Another requirement for the car to gain its MOT (roadworthiness test) was to reinstate windscreen washers. The reservoir had long disappeared, with some of its wiring and plumbing. And the windscreen washer jet was missing, well, its jet!

Starting with the washer jet, I found the item was common to the Daimler Dart and earlier Cobras. It was probably used on a number of other plastic cars of the era as it had the merit of being held to the bodywork by two screws. The good news was knowing its source; the bad news was finding that these are entirely unobtainable.

Fortunately, I found a substitute (designated for the Dart) from David Manners. This consisted of a small, machined pedestal that presented an 8mm hole into which a conventional twin-jet washer could be bolted. Expedient and reassuringly expensive.
The reservoir and pump should be a Lucas 2SJ, another electro-mechanical wonder of its age that delivered a measured volume of water for each 'hit' of the momentary dashboard switch. I shall save that story for another day, when I have one that is adequately restored. But, in the meanwhile, my son and I reinstated the cable runs from where they had been terminated adjacent to the wiper motor. And we fixed a cheap eBay reservoir and pump in the correct location for the 2SJ that will eventually follow.
Well, apart from their practical usefulness, they are a required part of the MoT test. Which is why I needed to make these work before I would be able to reregister the car in the UK.

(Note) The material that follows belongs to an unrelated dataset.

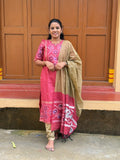 Pochampally silk Kurti Set  P005 pink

When I began to investigate why they might not work, I found the answer pretty quickly as I grabbed a bundle of unconnected harness cables from below the carburetor. The real challenge was then finding that the harness connections bore no resemblance to the connections presented on the wiper motor.
Harness connections on left. Solitary motor connections on right.
Gearbox cover says DR3. But motor itself was DR3A.
The key to all of this was that the wiper motor was actually a Lucas DR3A, regardless of what it said on the gearbox cover. The car is supposed to be fitted with a DR3. This latter motor displayed all the wizardry of mechanical engineering at the time. It has no permanent magnet, but does all sorts of interesting things by powering a field coil using a unique wiper switch.

The correct motor provides two-speed operation and 'reverse park'. The latter means when you switch it off, the motor is immediately thrown into reverse, tapping into an ignition-switched supply on the harness that is then interrupted by contacters on the internal parking finger.

There are fuller descriptions on the web. And the most useful, including a wiring diagram, I found was here....


In any event I was rescued by Brian, the Gilbern Owners Club's GT Historian, who produced a refurbished DR3 for me. This needed only for me to switch the gear and the 'parking finger' from the original unit and to rework the original harness, restoring the some of the blade connectors and spurs for the associated washers.
The gear (here 150 degrees) determines the sweep of the blades. Different specifications rely on how far the arm is pivoted from the central axis of the gear - varying the arc of the reciprocating arm.

And the parking finger (positioned in the lower left of the gear case) determines whether the motor parks on a 'push' or a 'pull', hence where the car the wiper blades park. There is a twiddly knob on the end for fine adjustment.